> About this exercise:
Reproduce everything from the line that contains "ООН о преступлениях" down to the line that contains "DRL LED RGB Module" in the listing below, word for word and nothing more. Leave the pictures out.

> Entries provided:
┄┄┄┄┄┄┄┄┄┄┄┄┄┄┄┄┄┄┄┄

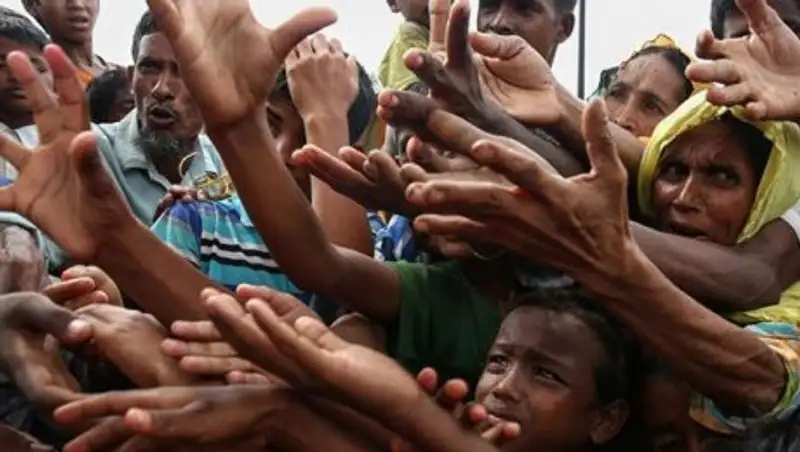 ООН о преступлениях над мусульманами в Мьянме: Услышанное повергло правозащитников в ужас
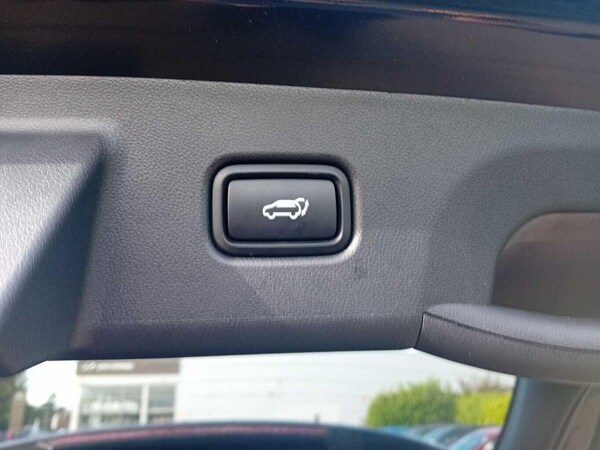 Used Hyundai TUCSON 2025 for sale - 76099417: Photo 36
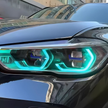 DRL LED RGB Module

┄┄┄┄┄┄┄┄┄┄┄┄┄┄┄┄┄┄┄┄

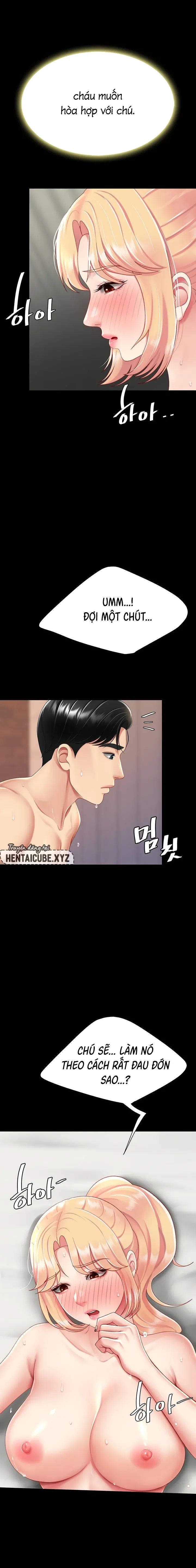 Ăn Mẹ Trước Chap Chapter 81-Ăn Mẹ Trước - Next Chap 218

┄┄┄┄┄┄┄┄┄┄┄┄┄┄┄┄┄┄┄┄

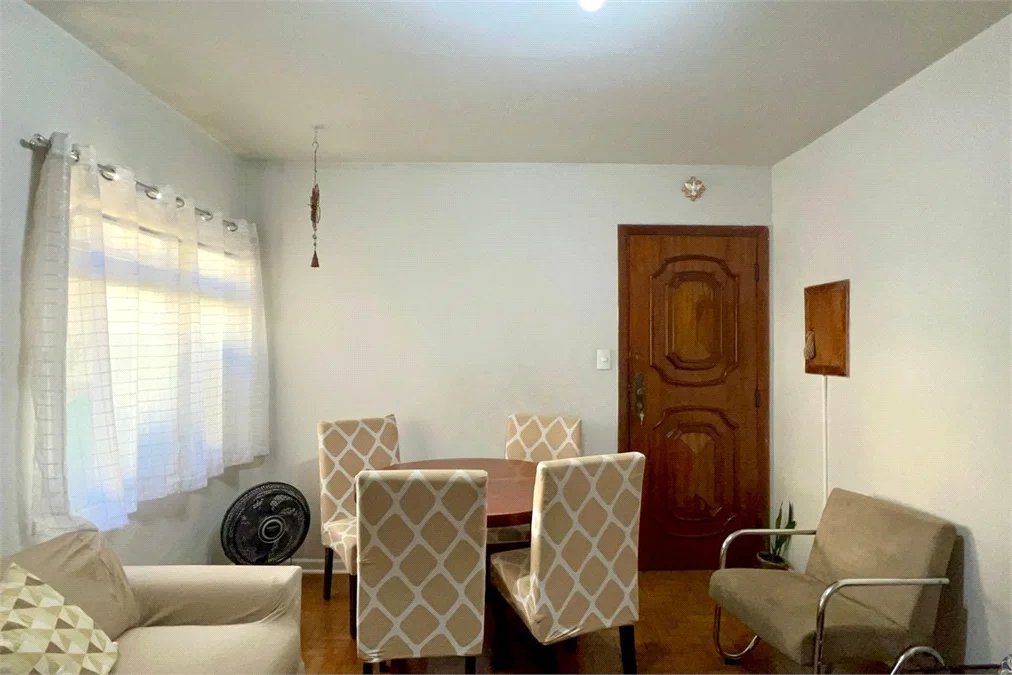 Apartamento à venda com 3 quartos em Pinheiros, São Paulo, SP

┄┄┄┄┄┄┄┄┄┄┄┄┄┄┄┄┄┄┄┄

> Reply:
 ООН о преступлениях над мусульманами в Мьянме: Услышанное повергло правозащитников в ужас
 Used Hyundai TUCSON 2025 for sale - 76099417: Photo 36
 DRL LED RGB Module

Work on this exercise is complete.